Kronologi Kasus: Dari Konflik di Sekolah Hingga Meja Hijau
Kasus ini bermula dari perselisihan antara anak Ivan, EX, dengan seorang siswa bernama EN. Ivan merasa tidak terima setelah EN diduga menyebut anaknya sebagai “anjing pudel”.
Pada 21 Oktober 2024, Ivan bersama rekannya Dave mendatangi SMA Kristen Gloria 2 Surabaya untuk mencari EN. Sesampainya di sekolah, ia meminta EN meminta maaf, bersujud, dan menggonggong sebanyak tiga kali di hadapan kedua orangtuanya serta beberapa saksi lainnya.
Saat ayah EN, Wardanto, mencoba menghentikan tindakan tersebut, Ivan diduga melakukan intimidasi dengan mendekatkan tubuhnya ke arah Wardanto.
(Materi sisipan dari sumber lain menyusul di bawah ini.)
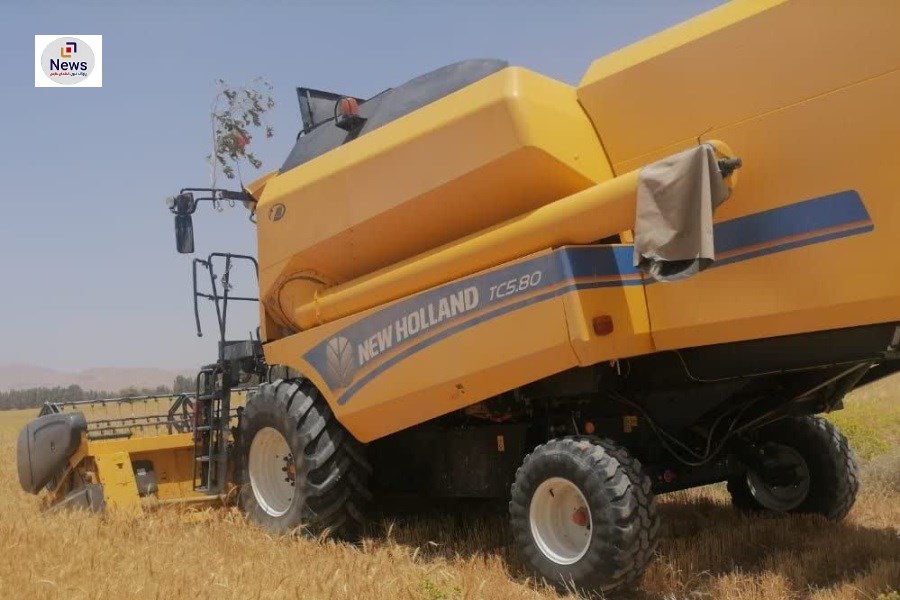 آغاز برداشت خوشه‌های طلایی گندم در زرین دشت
Kejadian itu membuat situasi semakin memanas hingga pihak sekolah dan petugas keamanan melerai mereka.
Menurut JPU, kepala sekolah sudah mencoba memediasi, tetapi Ivan tetap bersikeras agar EN meminta maaf dengan cara yang ia tentukan. Kondisi ini membuat orangtua EN merasa terpaksa menyuruh anaknya menuruti perintah Ivan.
Dampak Psikologis Korban: Trauma yang Berkelanjutan
Peristiwa ini tidak hanya berhenti di situ. Menurut hasil pemeriksaan psikologis forensik di RS Bhayangkara Surabaya, EN mengalami trauma berat akibat kejadian tersebut.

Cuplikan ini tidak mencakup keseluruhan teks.